Why Ugandans have nicknamed their president 'Bosco Katala'

Uganda

Uganda’s president Yoweri Museveni on Sunday made reference to a nickname that has lately been used by several social media users when refering to him.

The name ‘ Bosco Katala’ has over the last month gained traction as a derogatory term used to refer to what the young people on social media see as Museveni’s backward national policies and personal enrichment at the expense of the taxpayer.

Katala is a word from the widely spoken Luganda local language, that means ‘someone who is unsophisticated or a socially awkward person, usually from the village’.

First of all, I'm not Bosco.

In his address to the nation on Sunday, which covered several issues including the fight against corruption, the recent political events in Arua, allegations of torture among others, local media reported that Museveni started by giving a disclaimer.

‘‘First of all, I’m not Bosco (Katala),’‘ Museveni said, which left journalists at the news conference and Ugandans on social media amused.

Who is Bosco?

The origin of the name Bosco stems from a commercial that was released by the biggest telecommunications company in Uganda, MTN, promoting the use of cashless transactions using mobile money.

The advert ‘tells the story of Bosco’, an middle-aged Ugandan man who comes to the city, and goes shopping at a supermarket in a fancy shopping mall, where he is shown how to pay using mobile money.

Bosco rides his bicycle through metal detectors, escalators and supermarket aisles.

The gentleman in the advert, who has since become a sensation in Uganda, is 35 year old Kasirye Siraje.
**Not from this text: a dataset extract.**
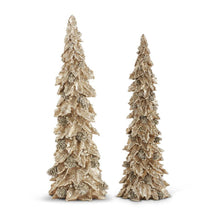 Load image into Gallery viewer, Gold Holly Leaf XMas Tree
He is popular on the streets, in Ugandan banks, television studios and even has his own Twitter account.

Why do Ugandans insist on calling Museveni, ‘Bosco’

Following the release of the advert about three weeks ago, Ugandans immediately likened Bosco to president Museveni.

Why?

As part of his poverty alleviation campaigns around the country, Museveni has used a bicycle to fetch water and used bottles to irrigate crops in a bid to demonstrate to Uganda’s smallholder farmers that they can use resources available to them to profit from farming.
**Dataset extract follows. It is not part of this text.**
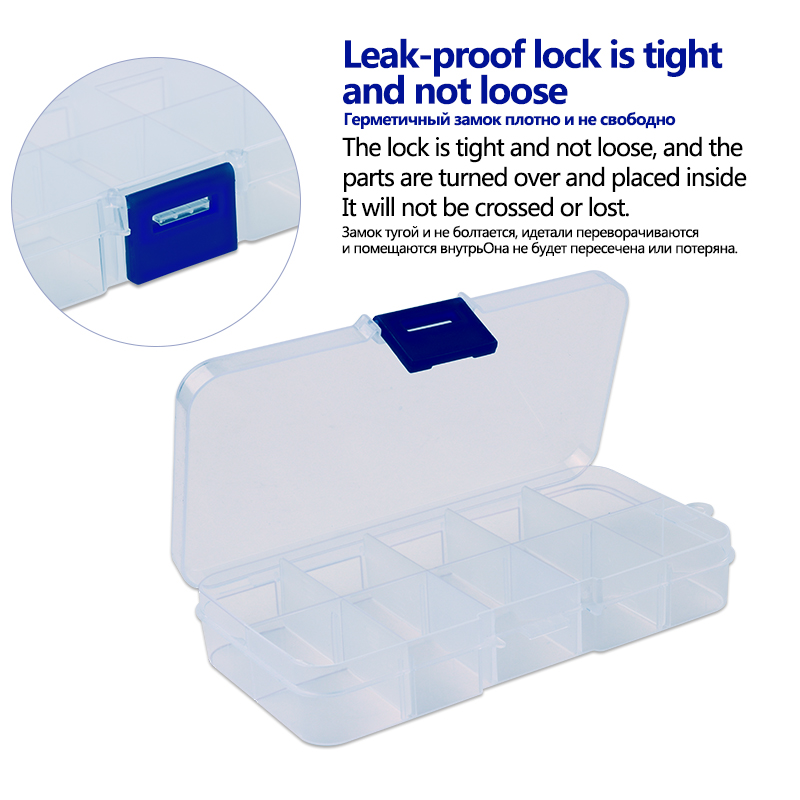 1PC Fishing Tools Box Fishing Accessories Coat Grid Adjustable Fishing Tackle Box Plastic Fishing Tools Accessories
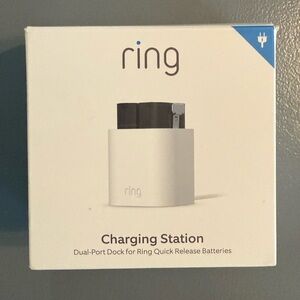 Ring Charging Station - Black and White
He has also handed sacks of money to youth groups as a way to support entrepreneurship and to stop unemployment.

Satirised clips of the president were shared online showing the president fetching water for irrigation using his bicycle, and carrying sacks of money, all played out against the music bed of Bosco’s story.

The country’s telecommunications regulator recently refuted allegations that it had banned the broadcast of the Bosco advert after some DJs said they were harassed by police for playing it.